対象物の大きさによっても、適度な距離間隔が変わってきますので、一度ダンボール等で試し吹きをしてみてからやってみるといいでしょう。
またポイントとして、1度塗りで終わらそうとしないことです。1度全面に塗り終わったら、乾燥時間をとり、もう一度重ね吹きする、という工程を何度かしてあげるとより発色がよくなり、綺麗に仕上がります。
そして吹き付ける時は、対象物の大きさでスプレーを止めるのではなく、対象物の1.5倍以上の幅を目安に吹き切ることが重要です。そうすることで対象物の端から端まで均一の塗布量をつけることがきます。
2.スプレー塗装できるもの、できないもの
1章では基本的なスプレー塗装について手順をご紹介しましたが、ここではスプレー塗装できるもの、また反対にスプレー塗装できないものを、塗装ポイントとともにお伝えします。
2-1.スプレー塗装できるもの
基本的にはラッカー塗料スプレーで色付塗装を行うのがオススメです。準備物の説明の際に、水性塗料・ラッカー塗料・ウレタン塗料・油性(アクリル)塗料の4種類があると述べましたが、その中でも価格が安価で手軽に使え、塗料が残っても保管して後日使える、また乾燥が速く仕上がり感も良いという長所を持つのがこのラッカー塗料です。
また更にコストがかかってもいいからより色持ちをよくしたい、仕上がりをきれいにしたい、という方にオススメなのが、ラッカー塗料で色付塗装した上から、ウレタン塗料でクリアー仕上げ(透明のコーティングをする)する方法です。ラッカー塗料で色付した色をむき出しにすることなく、クリアー塗装で上から守ってあげるイメージです。
このウレタン塗料は摩擦姓や耐薬品性、硬度、ひび割れに強く、耐水性に加え、光沢もよく、肉もちも良いという長所もあり、色持ちとともに物持ちも良くしてくれる役割を持っています。しかし価格が割高で、2つの液を混合させて使う使い切りタイプなので余っても24時間を過ぎると缶の中で硬化して使えなくなるのが短所です。

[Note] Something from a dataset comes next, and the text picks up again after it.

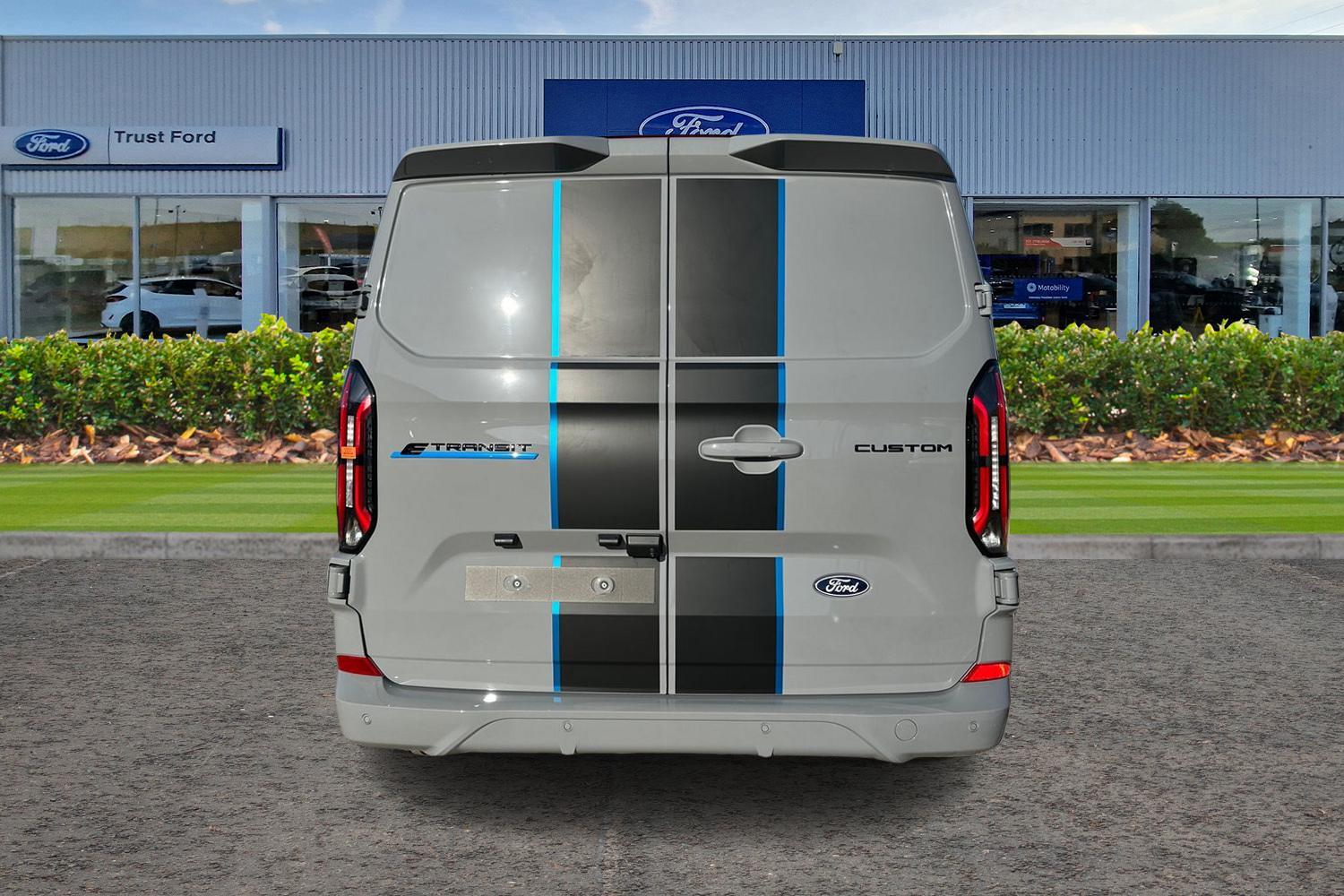 Ford E-TRANSIT CUSTOM Photo 13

スプレー塗装をDIYすることは安価で手軽なので、上記のクリアー仕上げのように一手間加えてあげるのもいいかと思います。
では、それぞれの塗装ポイントを見ていきましょう。
①椅子・机
椅子や机は本体と脚部分をネジ留めされているものも多いでしょう。その場合は分解して個別にスプレー塗装を行い、乾燥してから再度組み立てる、というやり方をお勧めいたします。こちらの方が塗り残しを防ぎ、きれいに仕上げることができます。
②カラーボックス(棚)
収納用に購入することの多いカラーボックスも一般に白やシルバーのものが多いため、好みの色に変えたい方も多いことでしょう。

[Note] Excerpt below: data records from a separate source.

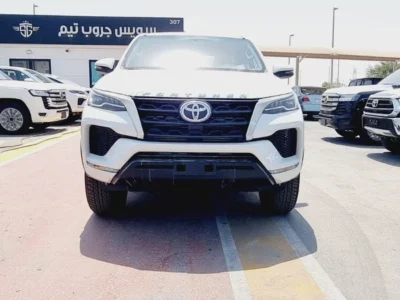 2026 TOYOTA FORTUNER 2.4 Litres 4 Cylinders DIESEL Engine White Beige SUV 4X4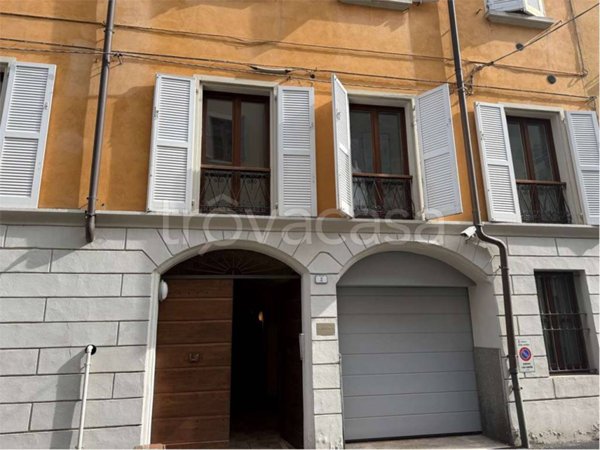 appartamento in affitto a Reggio nell'Emilia in zona Città Storica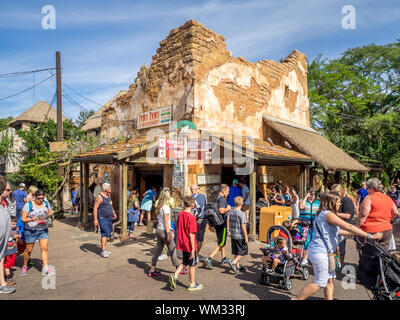 Profitez de la foule le parc à thème Animal Kingdom à Disney World à Orlando en Floride. Les bâtiments sont visibles dans la section africaine du parc. Banque D'Images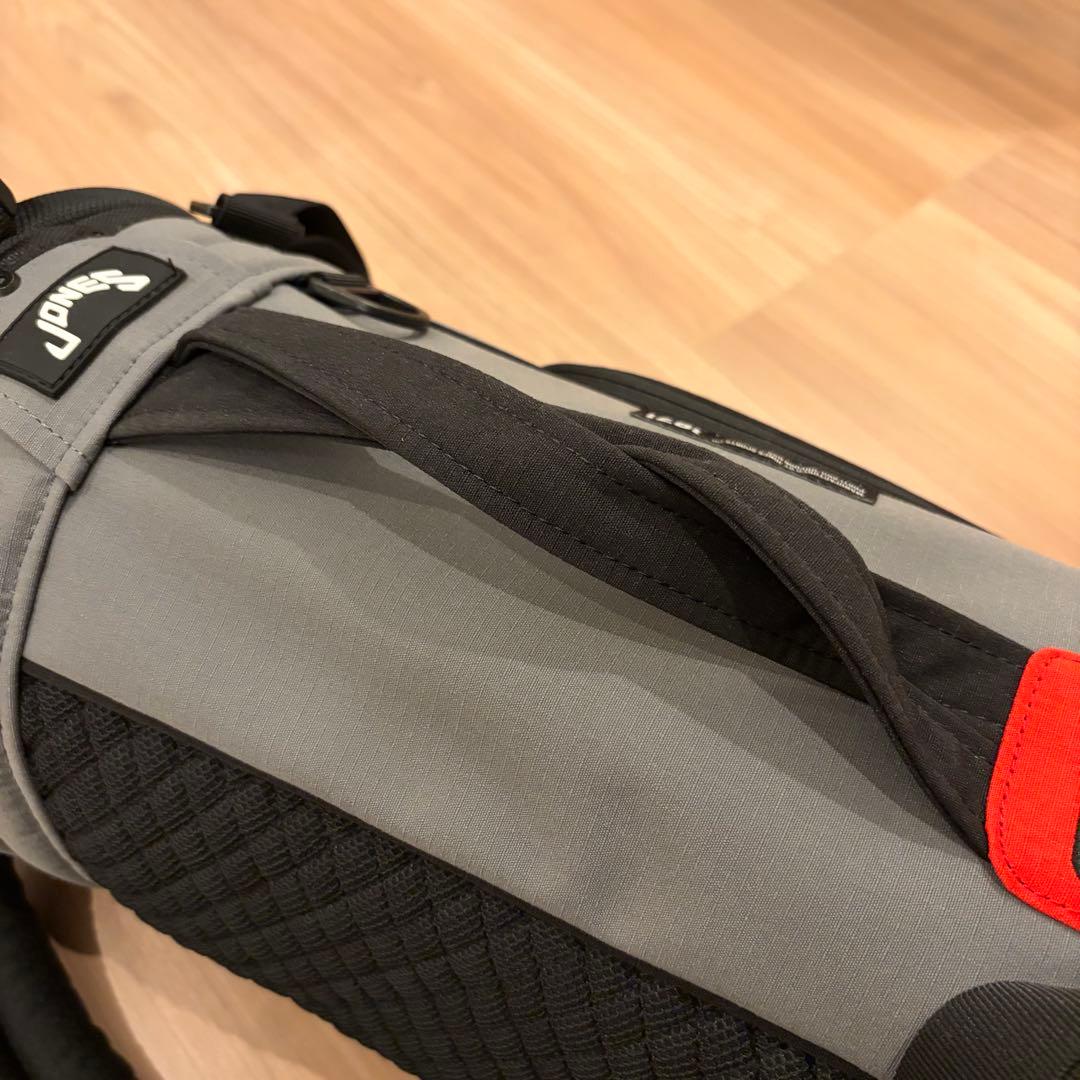 タイムセール中！Jones Rover Charcoal/Black/Red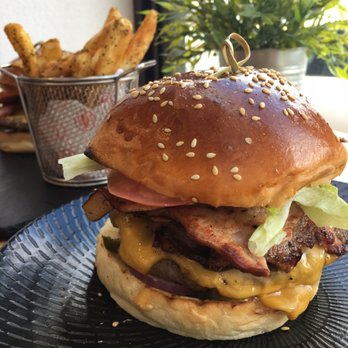 Fish and Burger Co - Burgers Near Me - Doncaster East, VIC Fish and Burger Co - Burgers Near Me - Doncaster East, VIC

こちらをスプレー塗装するポイントはいくつかあります。
・表面がまんべんなく白っぽくザラザラになるくらい磨く(「1-4 表面を磨く」参照)
→後々の塗装の剥がれを防ぐ
・椅子、机と同様に分解してから塗装する
・隅から塗装する
・明るい色(黄色や赤など)を塗装する際はプライマー塗装(「1-5 下地処理のためのプライマースプレー塗装を行う」参照)にて白を塗装する
③換気扇カバー
お家に必ずある換気扇カバー。ほこりで黒ずんでいたり、黄ばんでいたりしませんか?これもスプレー塗装で簡単に蘇らせることができます。
また換気扇カバーを塗装する際の注意点として、細かいほこり等のゴミが網目の隙間に入っていたりするので、1章でご紹介したエアーダスター(ほこりの掃除用スプレー)を使ってまず汚れを落とすところから始めるのがポイントです。
④プラスチック容器
インテリアの小さなポイントとして100円ショップで買ってきたプラスチック容器を塗装し、花瓶やペン立て・小物入れに活用するときも、一気に色付けをできるスプレー塗装がおすすめです。

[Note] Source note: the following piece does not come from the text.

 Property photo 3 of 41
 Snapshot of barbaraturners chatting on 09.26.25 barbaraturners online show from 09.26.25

趣味程度で始められるものなので、初めてスプレー塗装に挑戦される方はこれから始めてみてもいいかもしれません。
2-2.スプレー塗装できないもの
スプレー塗装は300ミリ缶で1㎡前後が目安のため、小さな対象物を塗るのが前提です。またスプレー塗装だけが塗装ではありません。ものによっては他の塗装方法がおすすめな場合もあります。
①ウッドデッキ
戸建てのお家に住んでいる方であれば、庭に面したテラス部分にウッドデッキを設置されている方も多いでしょう。ウッドデッキであれば木材の木目に沿ってしっかりと塗料を吸収させ、木材保護を行う必要がある為、スプレー塗装ではなく「刷毛(はけ)」を使って塗装する方法の方がお勧めです。
ウッドデッキの塗装方法を詳しく知りたい方はこちら
②内壁
室内の壁など多面積を塗装したい場合は、スプレー塗装してしまうと多方面に塗料の飛散が考えられるため刷毛とローラーを使用するのがおすすめです。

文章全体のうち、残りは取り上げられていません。